Task description: Once "234 Hollister St, Stratford, CT" turns up in a line below, reproduce that line and those after it exactly, stopping after the line with "翡翠裸石翡翠福利无事牌"; leave pictures out.

Supplied data:
..............................

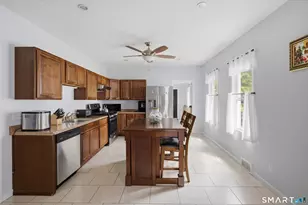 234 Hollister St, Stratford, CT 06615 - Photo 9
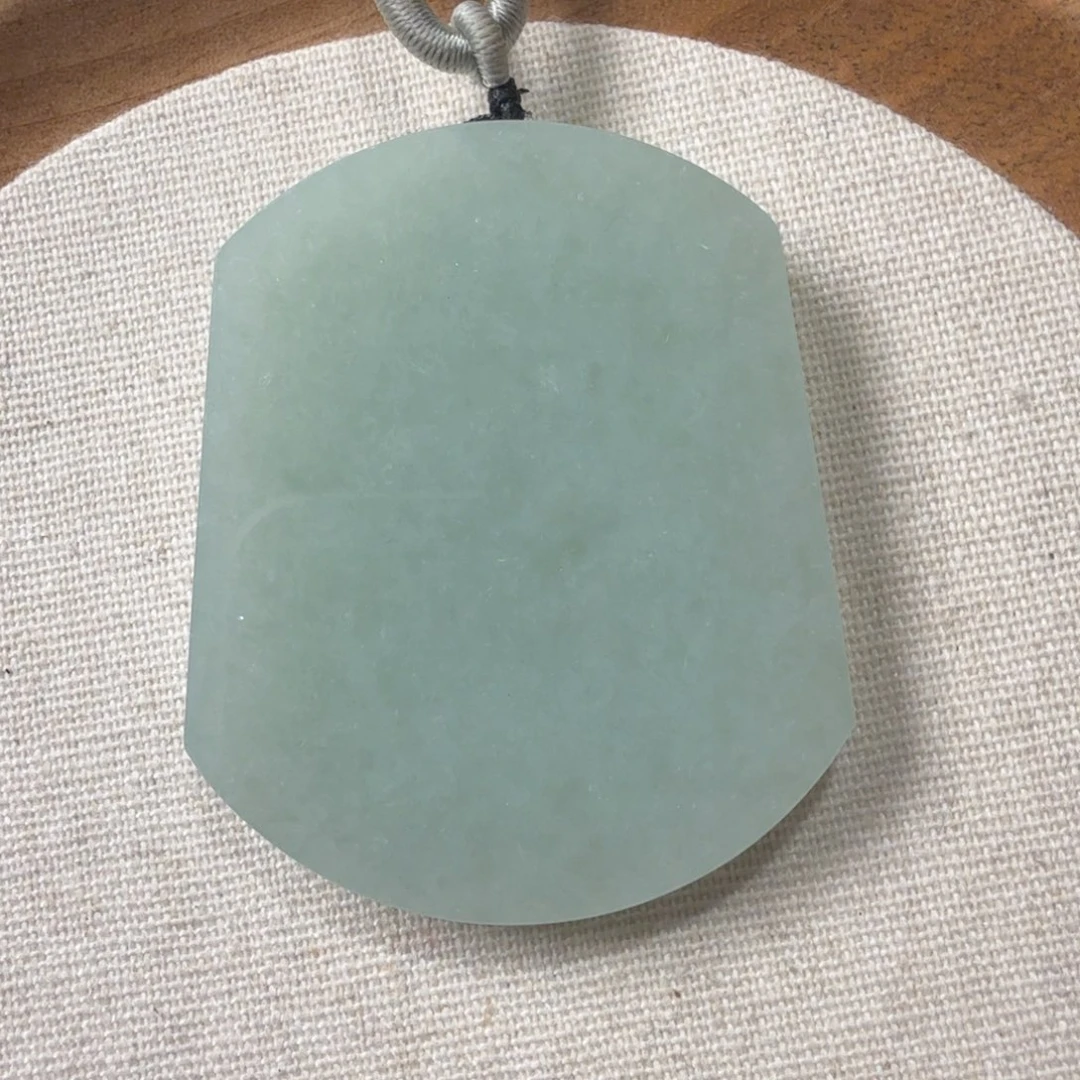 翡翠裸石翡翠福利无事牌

..............................

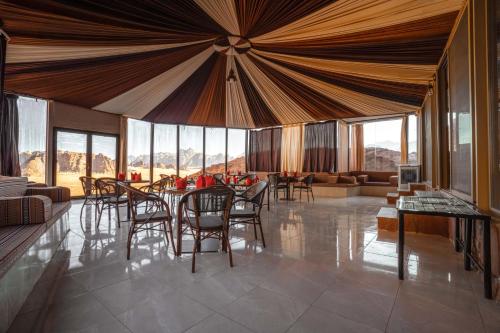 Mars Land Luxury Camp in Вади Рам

..............................

Exercise solution:
 234 Hollister St, Stratford, CT 06615 - Photo 9
 翡翠裸石翡翠福利无事牌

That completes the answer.